ADR-0036: PII Classification with Hybrid Annotations and Generated Manifest
Status: Accepted Date: 2026-04-07
Context
Trust Relay stores PII fields across 8+ tables -- all in plaintext PostgreSQL columns. While Row-Level Security (ADR-0023) enforces tenant isolation at the database level, there is no field-level awareness of what data is personally identifiable. This creates three gaps:
- Security questionnaires -- regulated customers ask "where is PII stored and how is it protected?" and there is no machine-readable answer.

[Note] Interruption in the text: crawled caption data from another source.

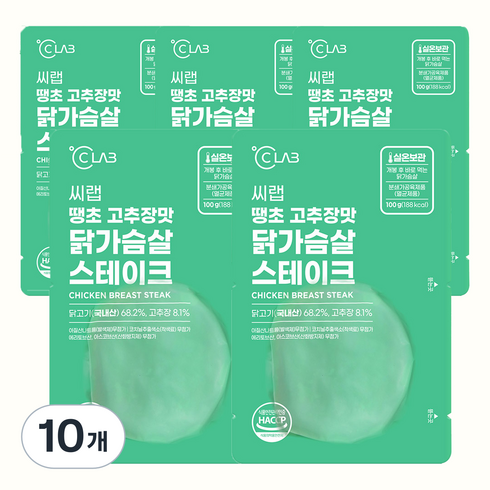 씨랩닭가슴살 - 씨랩 땡초 고추장 닭가슴살 스테이크, 100g, 10개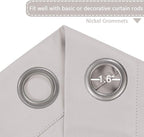 H.VERSAILTEX Blackout Patio Curtains 100 x 108 Inches for Sliding Door Extral Wide Blackout Curtain Panels Thermal Insulated Room Divider - Grommet Top, 9' Tall by 8.5' Wide - Stone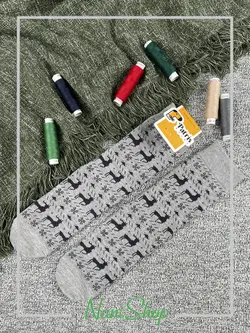 جوراب ساقدار طرح ژاکارد گوزن برند پاتریس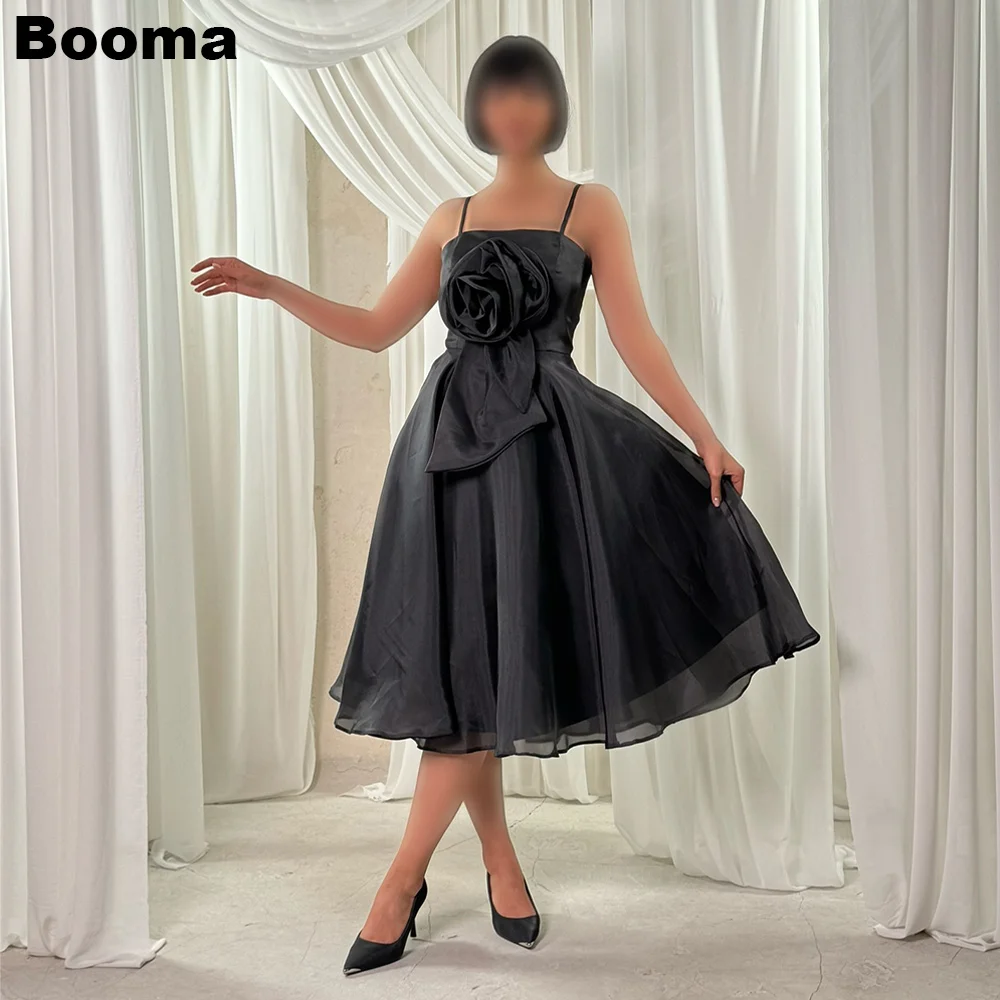 

Booma A-Line Prom Dresses Spaghetti Straps Sleeveless Organza Homecoming Party Gowns for Women Tea-length Evening Dresses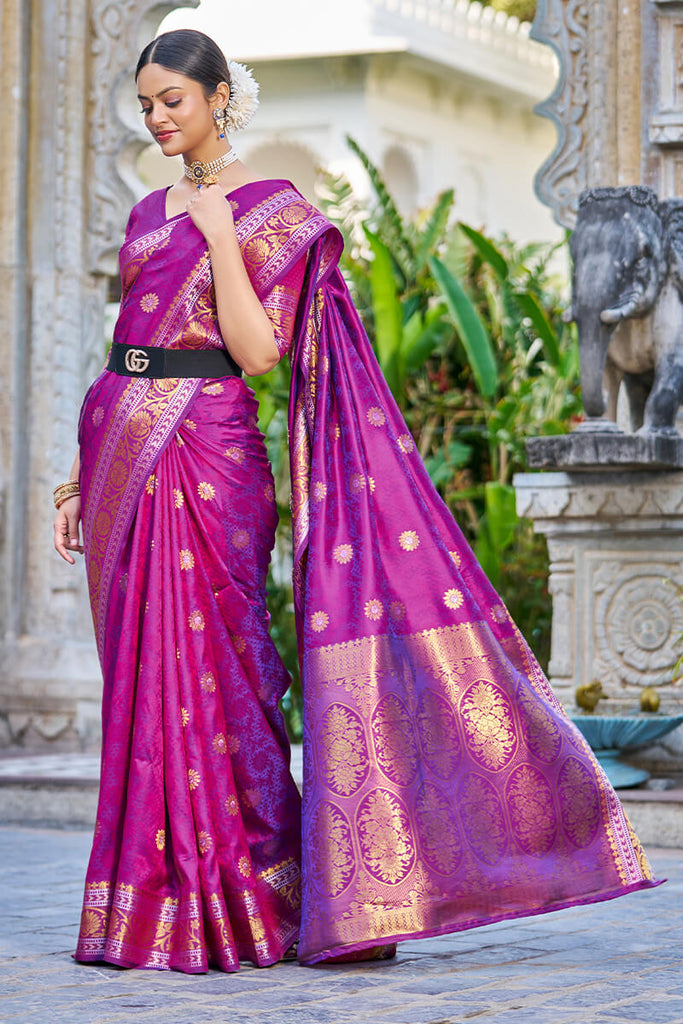 Engrossing Purple Kanjivaram Silk Saree With Epiphany Blouse Piece Bvipul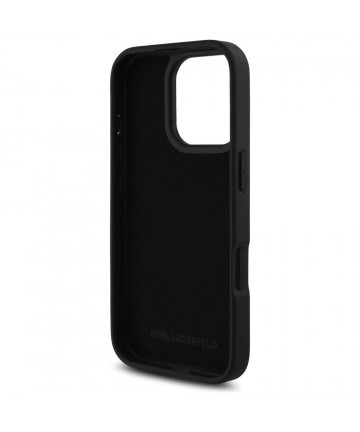 Karl Lagerfeld HC Grained PU Cardslot Metal Elong iPhone 16 Pro Case - Black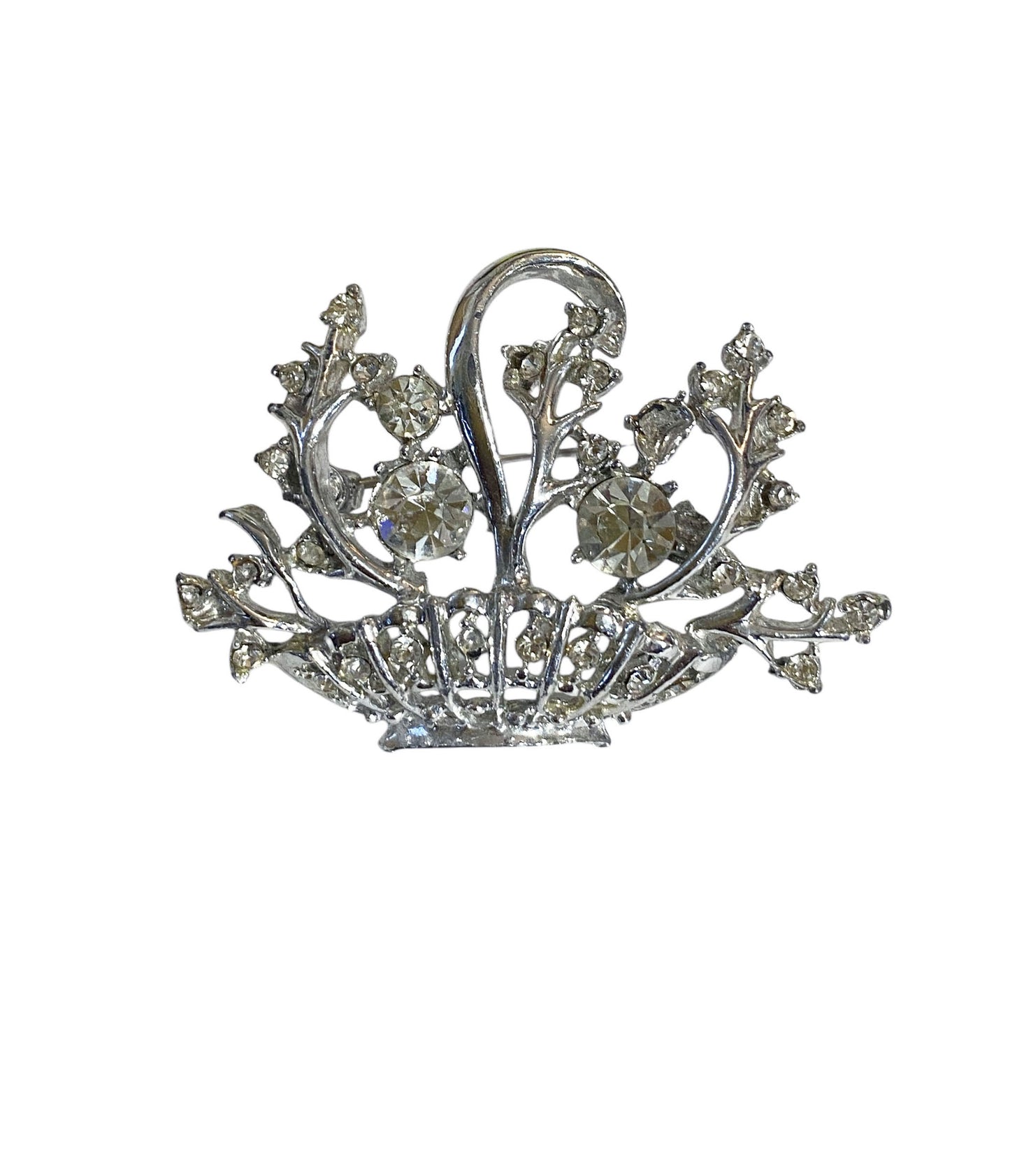 #6307 Vintage Clear Rhinestones Silver Tone Flower Basket Brooch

- GDPR Art. 30 -- records of processing activities require a formal inventory of personal data fields, their purposes, and retention periods.
- Encryption at rest -- direct identifiers (national IDs, IBANs, document numbers) are stored in plaintext, which is a finding in any security audit.
Decision
Implement a hybrid annotation + generated manifest architecture in three phases:
Phase 1 (this ADR): PII classification metadata on SQLAlchemy columns via info={"pii": PIIField(...)}, a PIIRegistry that scans models at runtime, and a CLI that generates docs/pii_manifest.json -- the GDPR Art. 30 artifact.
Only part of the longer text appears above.